Page:Berlioz - Mémoires, 1870.djvu/450

La bibliothèque libre.
Cette page n’a pas encore été corrigée

Je touchai d’une main tremblante tout ce que j’apercevais : son Plutarque, son agenda, ses plumes, sa canne, sa carabine (arme innocente dont il ne se servit jamais), une de mes lettres qui se trouvait sur son bureau...

Alors Nanci, ouvrant un tiroir :

— «Tiens, cher frère, voilà sa montre, garde-la... ah ! il l’a bien souvent consultée pendant sa suprême angoisse, pour savoir combien d’heures lui restaient encore à souffrir...»

Je pris la montre : elle marchait, elle vivait... et mon père ne vivait plus.

Avant de reprendre le chemin de Paris, je voulus aussi revoir Grenoble, et la maison de mon grand-père maternel, à Meylan.

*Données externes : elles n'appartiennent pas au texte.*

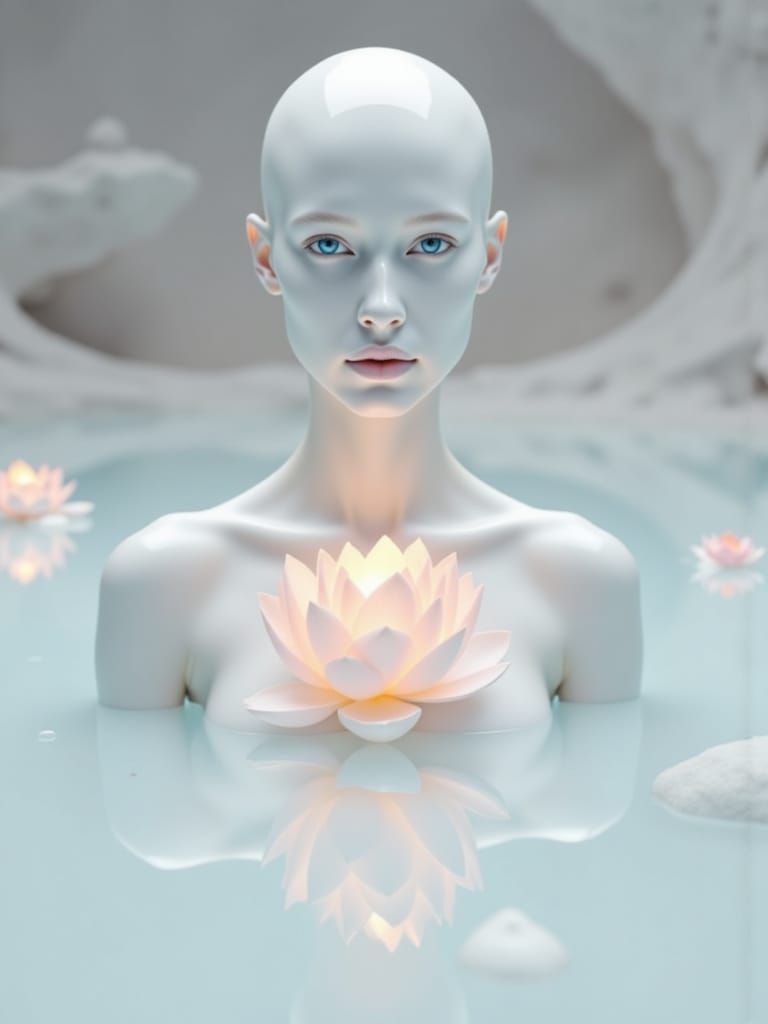 Ethereal Woman with Lotus Flower in Minimalist Style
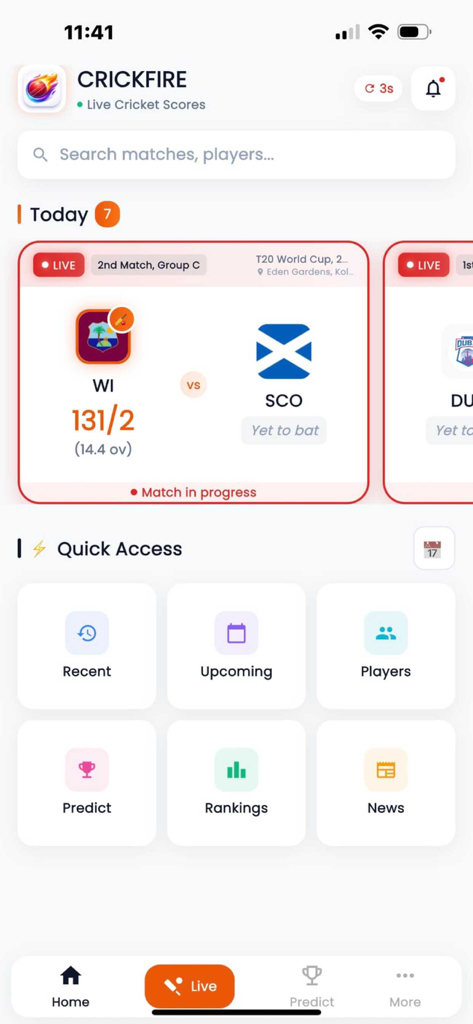 CrickFire - Live Scores - CrickFire mobile app home screen showing live cricket match updates and quick access features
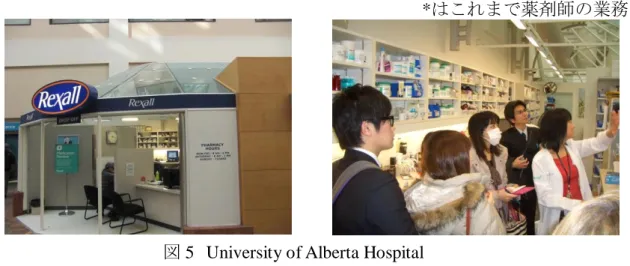 図 5  University of Alberta Hospital  Rexall Pharmacy  1-4  医療事情 8) カナダは英国と同じようなメディケアと呼ばれる国民皆保険制度があり、州によって若干制 度は異なるが、国民はすべて地域の一般医(GP)  に登録される。専門的な治療が必要とな ると GP を通して専門医に紹介されるが、医師不足のため、手術待機時間や専門医による治 療を開始するまでの待機期間が長く、治療を受ける前に命をおとすケースも実際に起こって いて問題になっている。そのため富裕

Je voulus (singulière soif de douleurs) saluer le théâtre de mes premières agitations passionnées ; je voulus enfin embrasser mon passé tout entier, m’enivrer de souvenirs, quelle que dût en être la navrante tristesse. Mes sœurs, comprenant que je devais désirer être seul dans ce pieux pèlerinage, où allaient naître pour moi tant d’impressions qui ont leur pudeur et redoutent même les plus chers témoins, restèrent à la Côte. Je sens bondir mes artères à l’idée de raconter cette excursion. Je veux le faire cependant, ne fût-ce que pour constater la persistance de certains sentiments anciens, inconciliables en apparence avec des sentiments nouveaux, et la réalité de leur coexistence dans un cœur qui ne sait rien oublier.

Cette inexorable action de la mémoire est si puissante chez moi, que je ne puis aujourd’hui voir sans peine le portrait de mon fils à l’âge de dix ans. Son aspect me fait souffrir comme si, ayant eu deux fils, il me restait seulement le grand jeune homme, la mort m’ayant enlevé le gracieux enfant.

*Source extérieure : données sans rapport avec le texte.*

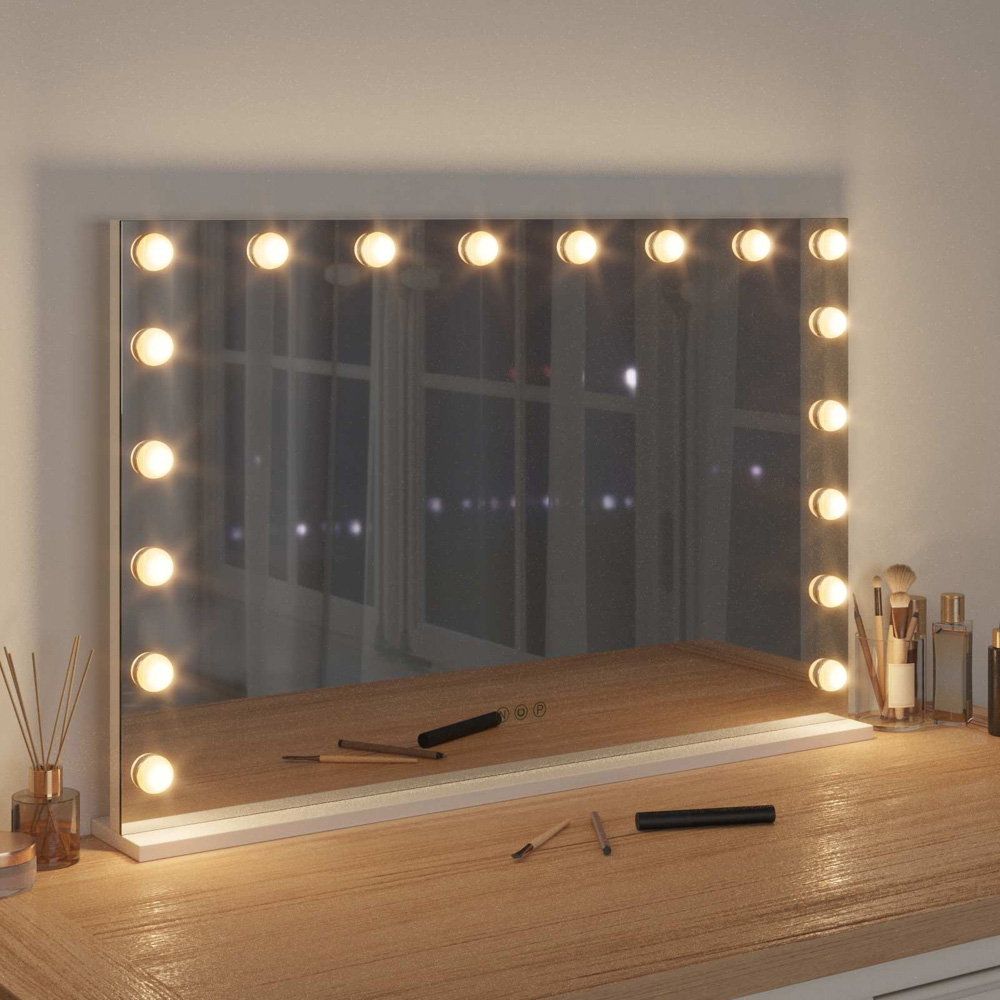 vidaXL LED White Vanity Mirror 80 x 10 x 52.5cm Image 2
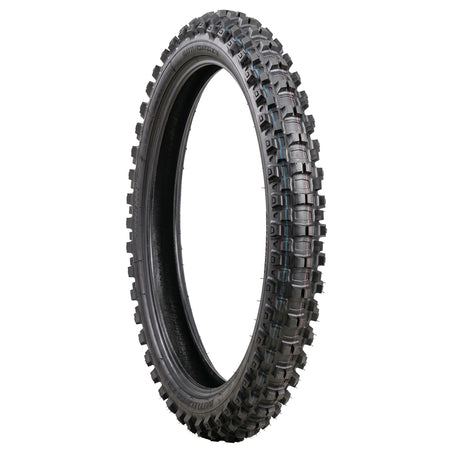 Angled view of the Bridgestone Battlecross X31 adv/dual-sport and off-road motorcycle front tire, designed to be a true intermediate tire to excel in soft and hard terrain, featuring Bunker Groove technology and NHS rated in most popular sizes, sold with fast and free shipping.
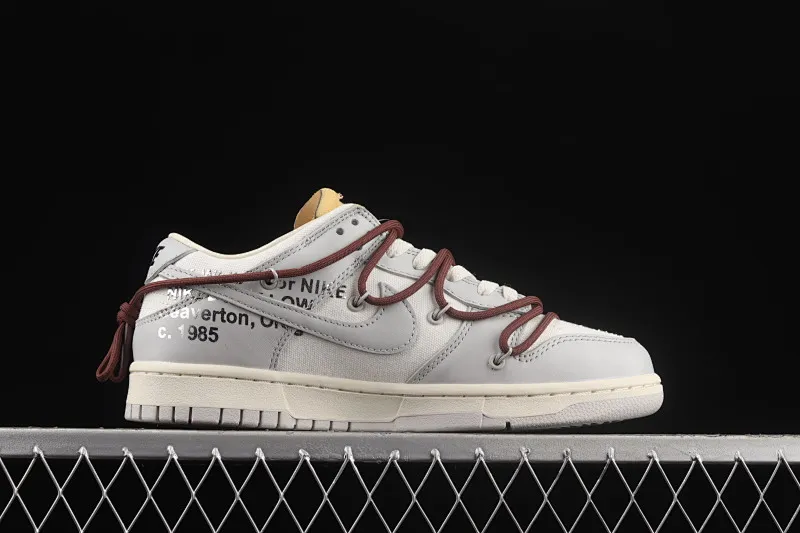 All Categories Nk SB Dunk Series Nk SB Dunk Low Low-top Sneakers Pure Original Version OF x Nk Dunk Low OW White Gray Casual Sports Skateboard Shoes DM1602-102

J’arrivai à Grenoble à huit heures du matin. Mes cousins et mon oncle étaient à la campagne. Impatient d’ailleurs de revoir Meylan, je ne fis que traverser le faubourg et je m’acheminai à pied vers ce village... Il faisait une de ces belles journées d’automne, si pleines de charme poétique et de sérénité.

Arrivé à Meylan, devant l’habitation de mon grand-père, vendue depuis peu à l’un de ses fermiers, j’ouvre la porte, j’entre et n’y trouve personne. Le nouveau propriétaire s’était installé dans une récente construction, à l’autre extrémité du jardin.

Je m’introduis alors dans le salon, où se groupait autrefois la famille, quand nous venions passer quelques semaines auprès de notre aïeul. Le salon était toujours dans le même état, avec ses peintures grotesques et ses fantastiques oiseaux en papier de toutes couleurs collés contre le mur.

Voici le siège où dormait mon grand-père après midi, voilà son jeu de trictrac ; sur le vieux buffet j’aperçois une petite cage d’osier que j’ai construite dans mon enfance ; ici je vis valser mon oncle avec la belle Estelle... je me hâte de sortir.